Action precedes motivation, procrastination precedes frustration.
My recipe to getting shit done is breaking down tasks into smaller and smaller chunks, until they seem almost too trivial to accomplish. Take baby steps into the right direction instead of going for the big leaps! Persist and you will eventually get there. Believe in yourself!
@fribbledom Another perspective of exactly the same thing: For me it's making a list of specific (as opposed to small) actions, broken down by priority or dependencies. As soon as I force myself to answer “What do I concretely need to do in getting 1 step further now?” I will at least get something done at all, instead of just being paralyzed.
I like it. Breaking down tasks is very useful.
For gamedev I've recently been following a very simple intuitive approach: Do whatever I want to do in the moment. I just ask myself what I truly want to do, and I do that.
It's been great for motivation because it turns the project into a game.
I have very little roadmap and plan, but I find that those things spontaneously manifest the more I listen to my heart.

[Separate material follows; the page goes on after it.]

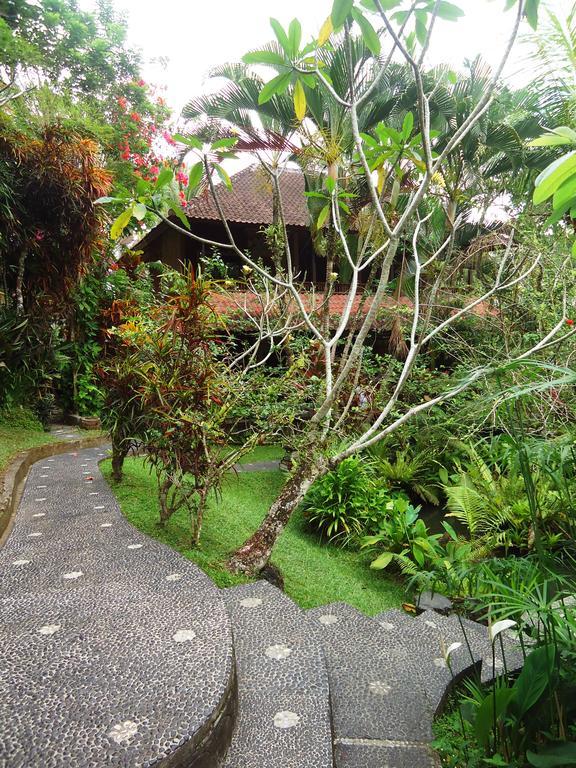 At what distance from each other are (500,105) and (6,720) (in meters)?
7.73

@fribbledom Sometimes leaving your desk and going to the place where the work needs done is the hardest step. Acknowledging that this is a significant piece of the work is valuable
@fribbledom I really needed to hear this today. I've been trying to break my projects into smaller chunks so I can do a little of each and still feel like I'm accomplishing something. Here's to hoping I actually finish one... :)

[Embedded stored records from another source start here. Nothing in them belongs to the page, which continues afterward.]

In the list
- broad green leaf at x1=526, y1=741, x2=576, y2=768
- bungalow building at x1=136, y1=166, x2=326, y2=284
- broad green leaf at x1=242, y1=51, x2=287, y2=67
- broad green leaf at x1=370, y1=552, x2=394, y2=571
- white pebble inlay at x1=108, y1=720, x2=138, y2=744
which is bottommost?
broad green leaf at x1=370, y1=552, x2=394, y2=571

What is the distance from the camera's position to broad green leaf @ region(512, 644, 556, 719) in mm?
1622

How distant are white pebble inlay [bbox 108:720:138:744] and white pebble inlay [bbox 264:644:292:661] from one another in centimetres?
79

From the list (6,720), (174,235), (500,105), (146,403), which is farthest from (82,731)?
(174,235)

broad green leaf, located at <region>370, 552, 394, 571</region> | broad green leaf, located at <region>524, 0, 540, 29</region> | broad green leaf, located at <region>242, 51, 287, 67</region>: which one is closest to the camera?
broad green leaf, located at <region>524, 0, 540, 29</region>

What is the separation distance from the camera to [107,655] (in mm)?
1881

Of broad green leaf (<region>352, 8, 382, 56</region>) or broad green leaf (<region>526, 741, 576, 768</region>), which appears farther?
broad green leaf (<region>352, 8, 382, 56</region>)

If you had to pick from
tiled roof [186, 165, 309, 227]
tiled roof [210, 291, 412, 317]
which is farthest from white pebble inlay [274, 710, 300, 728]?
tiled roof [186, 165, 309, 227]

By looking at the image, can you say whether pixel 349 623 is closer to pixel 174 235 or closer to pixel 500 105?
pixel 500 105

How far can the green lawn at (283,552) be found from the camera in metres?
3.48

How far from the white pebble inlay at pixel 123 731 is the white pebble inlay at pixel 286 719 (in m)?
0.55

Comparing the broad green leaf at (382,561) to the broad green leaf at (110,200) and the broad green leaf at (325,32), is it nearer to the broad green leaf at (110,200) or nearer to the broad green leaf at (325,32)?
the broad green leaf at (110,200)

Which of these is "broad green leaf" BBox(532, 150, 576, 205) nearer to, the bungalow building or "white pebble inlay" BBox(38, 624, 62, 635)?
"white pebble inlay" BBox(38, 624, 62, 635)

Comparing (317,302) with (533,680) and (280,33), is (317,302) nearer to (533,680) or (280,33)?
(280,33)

I've heard that one so often but it doesn't quite work for me.
Reason: "1000 baby steps in a month? No problem! In fact so easy that I bet nobody will notice I only started on day 2! Because one month minus a day is still practically a month, right?"
I'm sure it doesn't work for everyone. Maybe you need to make them just a bit chunkier? 😄
I've heard others mentioning this being a problem for them, too: when the tasks become too small, they start procrastinating even more, because none of the tasks seem "worth doing" anymore.
I think it's not just about breaking them down, but also not making them too abstract, making decisions explicit, knowing what criteria to use for decisions, doing them at suitable times, and keeping them in a way that shows dependencies, tracks progress, and get some sense of accomplishment on every day ... without spending half your time just tracking them.
I spent much of my extra time this year experimenting with this, and it's getting better, at last!
The GUI is not beautiful, not always efficient, and takes some time to trim down to whatever subset of abilities are useful to you, but it's great to experiment with, for task tracking and also time management (when should I do it, how long do I have, how long should I take, do I think I'll take, and how long did I actually take?)